Bonjour. J'aimerais vous parler un peu des gens qui fabriquent les choses que nous utilisons tous les jours : nos chaussures, nos sacs à main, nos ordinateurs et téléphones. Bon, c'est une discussion qui provoque souvent beaucoup de culpabilité. Imaginez la jeune fermière adolescente qui gagne moins d'un dollar de l'heure en cousant vos tennis, ou le jeune Chinois qui saute d'un toit après avoir travaillé trop longtemps à assembler votre iPad. Nous, les bénéficiaires de la mondialisation, semblons exploiter ces victimes avec chaque achat que nous faisons, et l'injustice semble incorporée dans les produits eux-mêmes. Après tout, qu'est-ce qui ne va pas dans ce monde pour qu'un ouvrier sur une ligne d'assemblage d'iPhone n'ait même pas les moyens de s'en payer un ? Il est admis que les usines chinoises sont oppressives, et que c'est notre désir pour des biens bon marché qui provoque cela.
Ce récit simple, avec la demande occidentale d'un côté, et la souffrance chinoise de l'autre, est attrayant, en particulier à une époque où beaucoup d'entre nous se sentent déjà coupables de notre impact sur le monde, mais c'est aussi inexact et irrespectueux. Nous devons être particulièrement nombrilistes pour imaginer que nous avons le pouvoir de conduire des dizaines de millions de personnes, de l'autre côté du monde, à émigrer et souffrir de manière si terrible. En fait, la Chine fabrique des biens pour les marchés du monde entier, dont le sien, grâce à une combinaison de facteurs : ses bas coûts, sa main-d'œuvre abondante et éduquée, et un système industriel souple qui répond rapidement aux demandes du marché. En nous focalisant tellement sur nous-mêmes et nos gadgets, nous avons rendu les individus de l'autre bout invisibles, aussi minuscules et interchangeables que les éléments d'un téléphone portable.
Les travailleurs chinois n'entrent pas de force dans les usines à cause de notre désir insatiable pour les iPods. Ils choisissent de quitter leurs maisons pour gagner de l'argent, apprendre de nouvelles compétences, et voir le monde. Dans le débat sur la mondialisation qui est en cours, ce qui manque, c'est la parole des travailleurs eux-mêmes.

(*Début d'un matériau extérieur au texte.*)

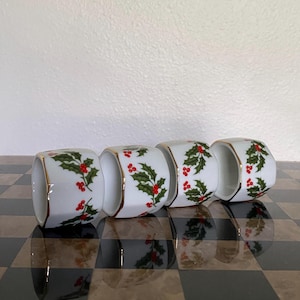May include: A set of four white ceramic napkin rings, each featuring a painted pattern of green holly leaves and bright red berries. The edges of each cylindrical napkin ring are finished with a thin, metallic gold trim.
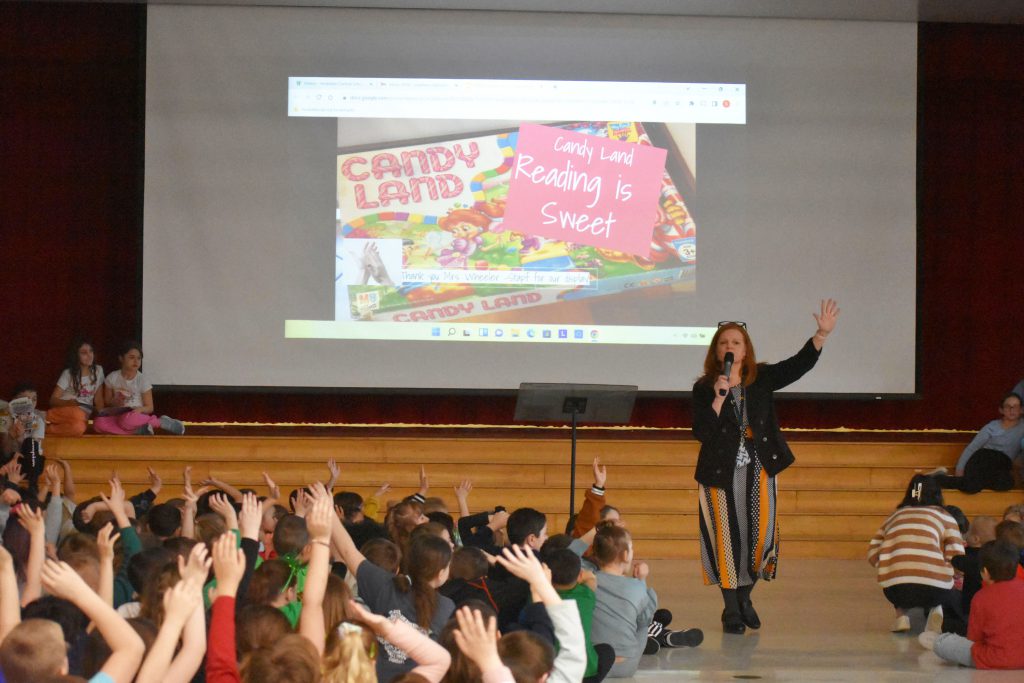 Jennifer Olds speaking at school assembly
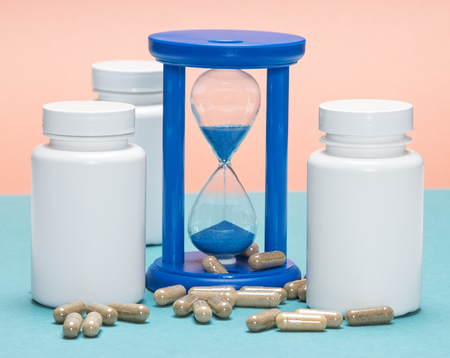 Anti-aging supplements concept: scattered capsules with white plastic jars and hourglass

Bao Yongxiu : "Ma mère me dit de rentrer et de me marier, mais si je me marie maintenant, avant que je me sois complètement développée, je ne peux épouser qu'un ouvrier ordinaire, alors je ne suis pas pressée."
Chen Ying : "Quand je suis rentrée à la maison pour le nouvel an, tout le monde a dit que j'avais changé. Ils m'ont demandé, qu'est-ce que tu as fait pour changer à ce point ? Je leur ait dit que j'ai étudié et travaillé dur. Si vous leur en dites plus, ils ne comprendront pas, de toute façon."
Wu Chunming : "Même si je gagne beaucoup d'argent, cela ne me satisfera pas. Simplement gagner de l'argent ne donne pas suffisamment de sens à la vie."
Xiao Jin : "Maintenant, après le travail, j'étudie l'anglais, parce que dans le futur, nos clients ne seront plus seulement chinois, alors nous devons apprendre d'autres langues."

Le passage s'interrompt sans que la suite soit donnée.